Caro Sergio,
nessuno più di noi due (io e te) può sapere quanto sia reciproca e datata la nostra stima. Un motivo che mi permette di darti del tu anche pubblicamente. Innanzitutto ti ringrazio per le scuse che hai ritenuto giusto farmi dopo quanto accaduto ieri sera in sala stampa che, per il bene che ti voglio, ritengo giusto raccontarti in modo più dettagliato di quanto abbia potuto fare ieri sera per telefono. Che io ci sia rimasto malissimo è scontato anche perché non mi aspettavo che in sala stampa potessero accadere, seppur in tua assenza, certi fatti così incresciosi. Eccoli.
Dopo aver assistito alla prima sconfitta che sa di beffa (la prima), perché per la seconda volta eravamo in vantaggio a 5 minuti dalla fine, mi sono recato in sala stampa per le consuete interviste. Appena dentro ho notato che vi erano anche alcuni tifosi che usavano parole pesanti contro i giocatori rossoblu, mi sono un po’ meravigliato ma più che altro sorpreso; non per la loro presenza chiaramente ma per gli atteggiamenti non certamente idonei per l’ambiente in cui si trovavano. Ho comunque fatto finta di niente, anche perché non ritenevo fosse mio compito prendere provvedimenti. Iniziate le interviste con altrettanto stupore ho assistito a qualcosa di inverosimile: alle risposte dei calciatori gli stessi tifosi si intromettevano contestandoli verbalmente anche con epiteti pesanti (leggi merde e così via). Ho egualmente fatto finta di niente anche se il mio stupore cresceva esponenzialmente.

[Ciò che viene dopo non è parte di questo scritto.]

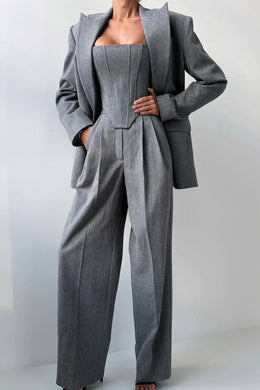 MARTINA - Completo tre pezzi grigio e rosa con blazer doppiopetto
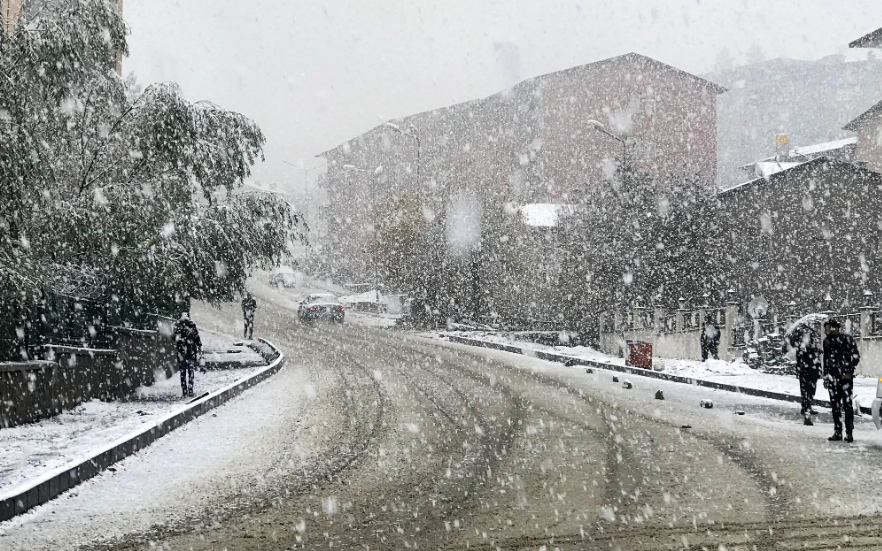 Tüm yurtta alarm, fırtına, lodos, kar! Bu gece geliyor! İşte İstanbul'a karın yağacağı saat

Ad un certo punto, dopo aver ascoltato Ogliari, apostrofato con brutte parole mentre veniva intervistato, ho avuto l’esigenza di fargli una domanda su quanto era successo nella ripresa, dopo un primo tempo nel quale, secondo me, era stata netta la differenza tra le due squadre. Prima che Ogliari rispondesse, uno dei tifosi mi ha contestato, dicendomi non in tono civile, che stavo dicendo una “cavolata”; ho soprasseduto un attimo poi, dopo l’insistenza del tifoso, gli ho fatto segno di smetterla e di lasciarmi lavorare. Non ottenendo alcun risultato, ma visto che al suo fianco c’era Pierluigi Tassotti (dirigente della Samb), ho chiesto a lui che dicesse al tifoso di lasciarmi lavorare, ottenendo semplicemente dei “lascia perdere” che mi hanno un po’ innervosito perché io non avevo nessun potere per prendere provvedimenti, lui sì. Anzi Tassotti sarebbe dovuto stare in sala stampa proprio per far rispettate l’ordine civile del dopo gara. Ottenuto il nulla, mentre mi stavo allontanando, è arrivato un addetto della società, il quale con fare semi-autoritario mi rimprovera così: “tu fai parte della carta stampata e non puoi stare lì perché lo spazio è riservato alle Tv“. Come se la nostra seguitissima webtv non esistesse anche se il problema non è chiaramente questo.
Il vero problema è che un dirigente non interviene di fronte ad una necessità impellente. Io lo ritengo più colpevole del tifoso del quale è possibile accettare sfoghi pesanti di rabbia ma non nel luogo sbagliato. Un atteggiamento, caro Sergio, che ti ha procurato, secondo me, una seconda sconfitta, stavolta fuori dal campo di gioco. La seconda beffa ai miei danni è quella invece che un addetto della società intima a me di spostarmi di tre metri, senza affatto intervenire sulla presenza non dovuta (oltre che non silenziosa) di persone che non dovevano starci proprio.
Mi fermo qui con la precisazione, caro Sergio, che io ho semplicemente esposto dei fatti in modo capillare affinché non si ripetano più. Ho sentito di dover raccontare il brutto episodio, sia perché sono ancora amareggiatissimo, sia perché ti voglio bene, sia perché io, con i veri amici, preferisco parlare (in questo caso scrivere) più che mormorare alle spalle, sia e non ultimo per il grande amore che mi lega da sempre alla mia Samb.